**Task statement**. Starting at the line that contains "this 720×405 image.", please transcribe every line through the end of the entries, exactly and with no pictures.

[[ The records, beginning ]]

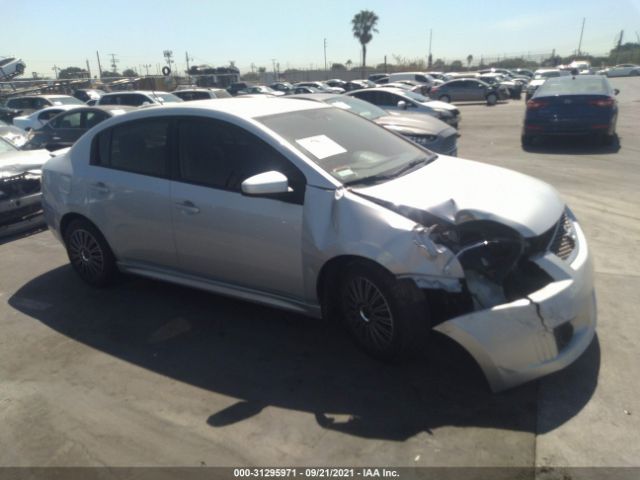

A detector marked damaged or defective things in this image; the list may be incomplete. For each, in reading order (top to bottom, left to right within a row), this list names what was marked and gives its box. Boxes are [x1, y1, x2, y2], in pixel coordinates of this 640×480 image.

damaged white car [0, 137, 53, 236]
damaged white car [42, 99, 596, 392]
crumpled front hood [350, 156, 564, 236]
broken front bumper [436, 219, 596, 392]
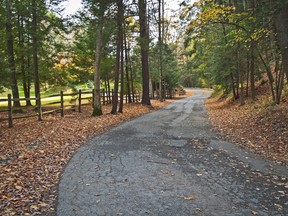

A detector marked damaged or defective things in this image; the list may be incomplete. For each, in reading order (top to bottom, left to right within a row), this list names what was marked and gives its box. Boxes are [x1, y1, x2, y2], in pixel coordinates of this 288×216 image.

crack in asphalt [56, 88, 288, 215]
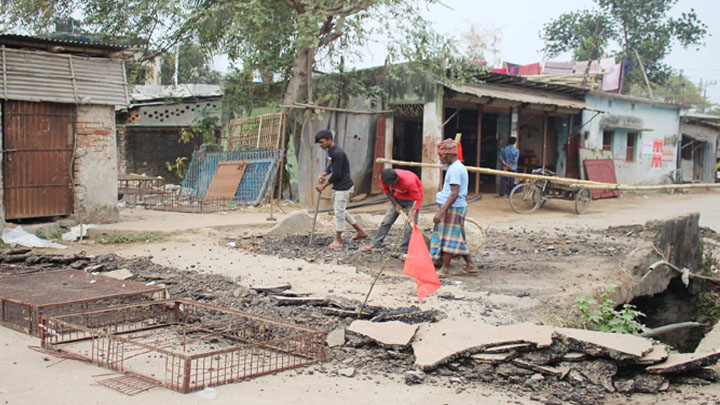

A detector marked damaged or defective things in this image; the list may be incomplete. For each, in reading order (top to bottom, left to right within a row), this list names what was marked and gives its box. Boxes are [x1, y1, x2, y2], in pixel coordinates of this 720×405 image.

rusty metal cage [0, 268, 166, 334]
rusty metal cage [40, 296, 328, 392]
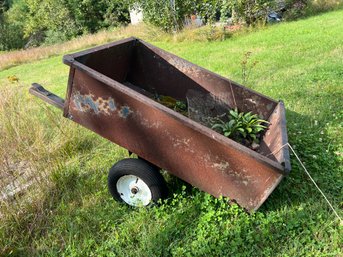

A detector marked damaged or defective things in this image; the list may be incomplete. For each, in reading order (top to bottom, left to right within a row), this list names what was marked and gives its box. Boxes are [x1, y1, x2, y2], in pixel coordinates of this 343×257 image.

rusty metal cart [30, 37, 292, 211]
rusted metal surface [55, 37, 290, 210]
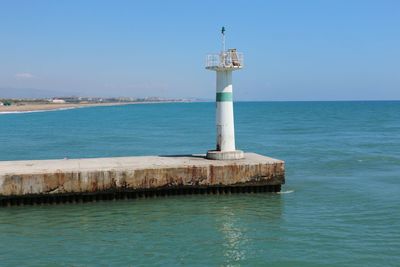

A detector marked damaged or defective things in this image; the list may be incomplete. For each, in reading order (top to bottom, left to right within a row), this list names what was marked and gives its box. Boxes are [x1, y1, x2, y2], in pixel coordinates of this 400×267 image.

rusty pier edge [0, 153, 284, 207]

[[ The records, end ]]

**Solution to the exercise**.
A detector marked damaged or defective things in this image; the list may be incomplete. For each, in reading order (top to bottom, left to right within a row), this list names what was marked and gives its box. Boxes are [x1, y1, x2, y2], in pixel coordinates of this 720×405 image.

rusty metal cage [0, 268, 166, 334]
rusty metal cage [40, 296, 328, 392]

A detector marked damaged or defective things in this image; the list may be incomplete. For each, in reading order (top to bottom, left to right within a row), this list names what was marked and gives its box. Boxes are [x1, y1, x2, y2], in pixel coordinates of this 343×257 image.

rusty metal cart [30, 37, 292, 211]
rusted metal surface [55, 37, 290, 210]

A detector marked damaged or defective things in this image; the list may be incomplete. For each, in reading order (top to bottom, left to right within a row), this list names what was marked and gives its box. Boxes are [x1, y1, x2, y2], in pixel coordinates of this 400×267 image.

rusty pier edge [0, 153, 284, 207]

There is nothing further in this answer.